Rachel's head snapped toward the sound. Even through the grainy footage, Ghost could see her body language shift, recognition, then fear.

She ran.

Twenty feet to Ghost's driveway. Fifteen.

The van's side door slid open before it fully stopped. Two men in dark tactical gear hit the pavement in perfect coordination, their movements precise and practiced.

Military training. Ghost would bet his life on it.

Rachel was fast, but she wasn't fast enough.

The first man caught her before she reached the gate. His hand clamped over her mouth, cutting off the scream Ghost couldn't hear but could see building in her throat. The second man locked an arm around her waist and lifted her off the ground like she weighed nothing.

She fought. Ghost watched her kick backward, her elbow driving into ribs, her whole body twisting and bucking as she tried to break free. One of her feet connected with something, a shin, maybe a knee, and the man holding her stumbled slightly.

It didn't matter.

They were bigger. Stronger. Trained for exactly this.

They dragged her backward toward the van, her toes scraping pavement as she tried to plant her feet, tried to find leverage that wasn't there. She got one arm partially free and swung wild, her fist glancing off a shoulder.

Then they had her inside.

The door slammed shut. The van peeled out with a screech of tires that left rubber on the street.

Start to finish: eleven seconds.

The timestamp read 2:47 PM.

Fifty-three minutes ago.

Ghost couldn't breathe. His lungs refused to expand. His vision had tunneled down to that frozen frame, the empty street where Rachel had been standing, the black tire marks the only evidence that any of it had happened.
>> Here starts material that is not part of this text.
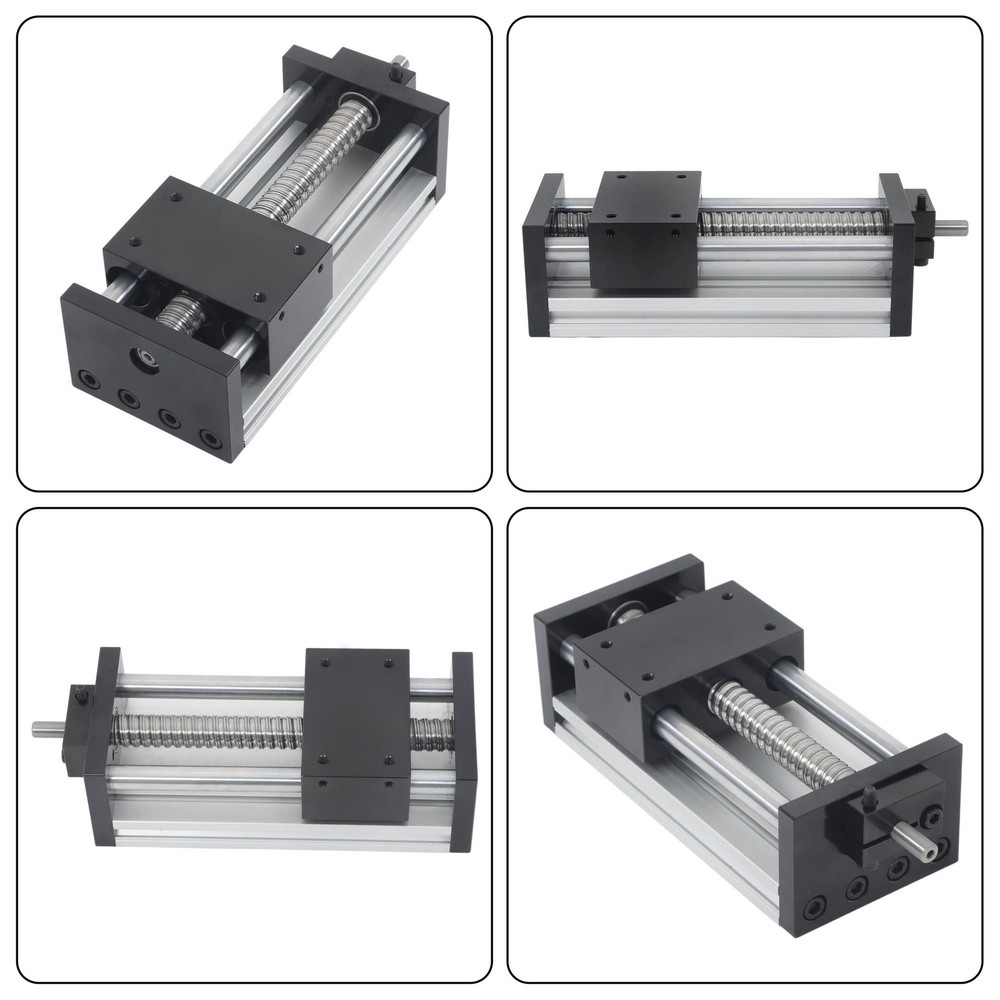100mm Sliding Table Linear double-track Ballscrew SFU1605 Motion Stage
"Professional snatch," Brick said, his voice carefully neutral. "Military precision. They knew exactly what they were doing."
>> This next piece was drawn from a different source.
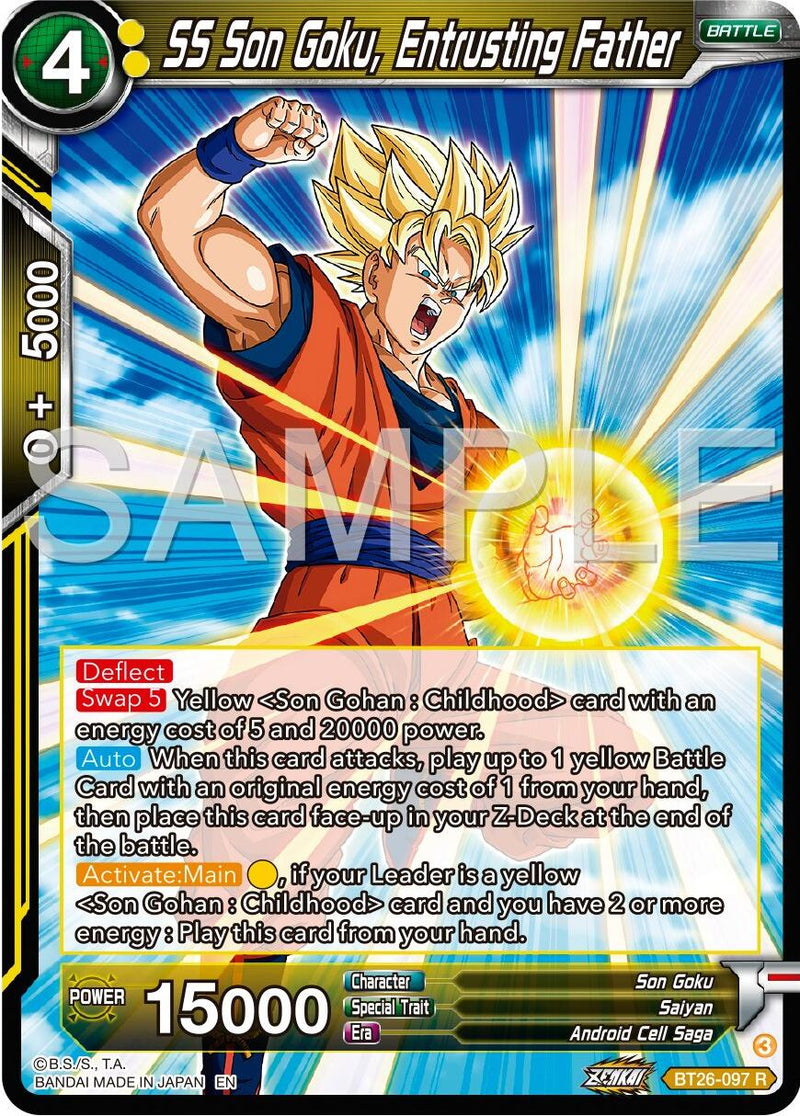 SS Son Goku, Entrusting Father (BT26-097) [Ultimate Advent] Parallel Foil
"Waited for the right moment," Reaper added. "She was exposed. Alone. Perfect opportunity."

Ghost's jaw clenched so hard his teeth ground together. They'd been watching his house. Watching Rachel. Waiting for her to step outside without protection.

And he'd been three miles away photographing cargo transfers while the woman he—

Ghost's fist hit the table before he registered the movement.
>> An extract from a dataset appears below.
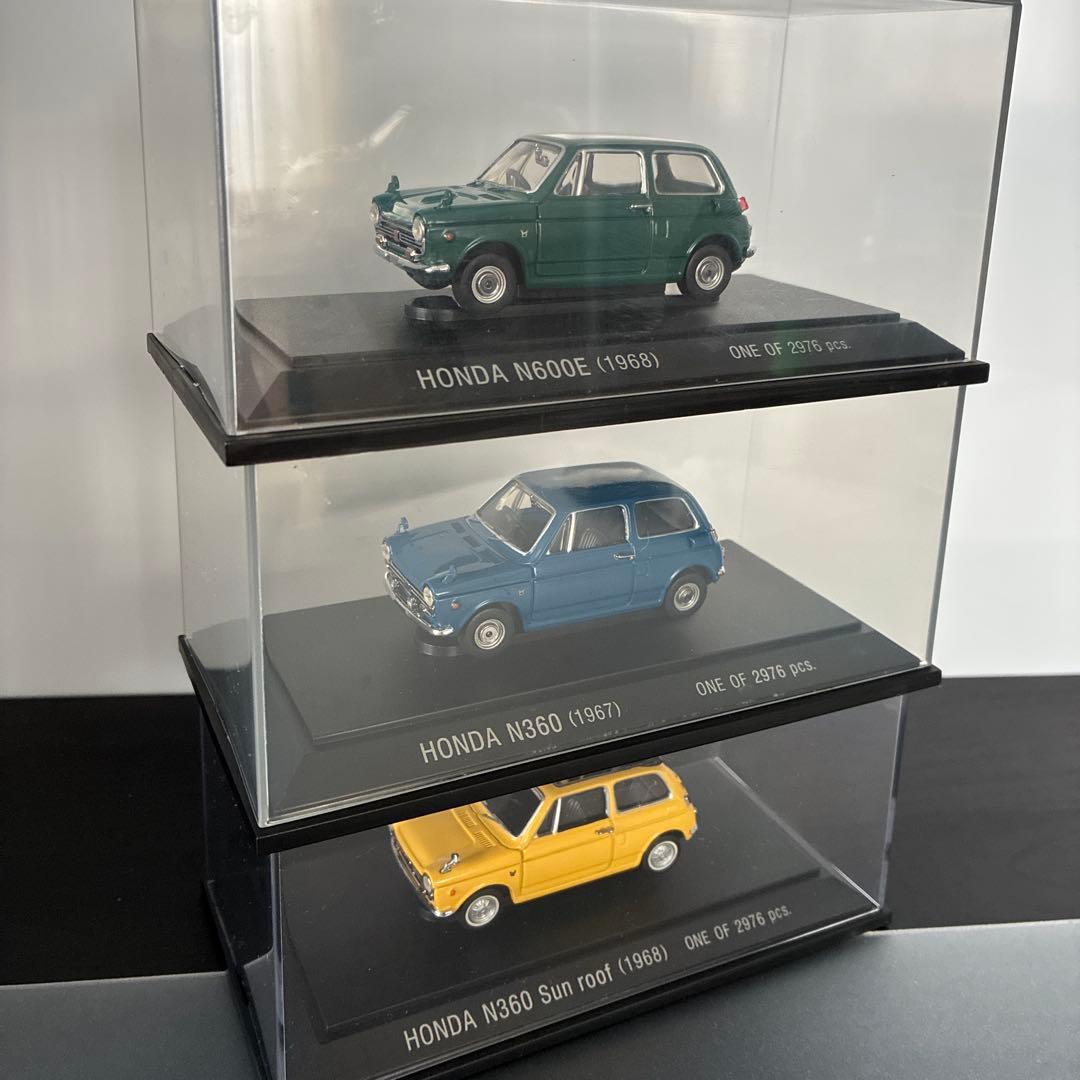 エブロ　EBBRO HONDA N360/N600E ミニカー 3台セット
The laptop jumped. The sound cracked through the house, wood splintering under the impact. Something in his hand popped. Might have been a knuckle. He didn't care.

"Fuck." The word came out strangled, barely recognizable as his voice.

His other hand found the table edge, gripping hard enough that his knuckles went white. His breath came fast and shallow, his chest heaving like he'd just run a sprint in full kit. The rage was there, huge and black and demanding he put his fist through the wall, through the screen, through every surface in reach until the image of Rachel being dragged into that van stopped playing on repeat behind his eyes.

But rage wouldn't get her back.

Rage would get her killed.

Ghost forced air into his lungs. Forced his breathing to slow. Forced the red haze at the edges of his vision to recede until he could think clearly again.

His hand throbbed where he'd hit the table. He flexed his fingers. Everything moved. Nothing broken.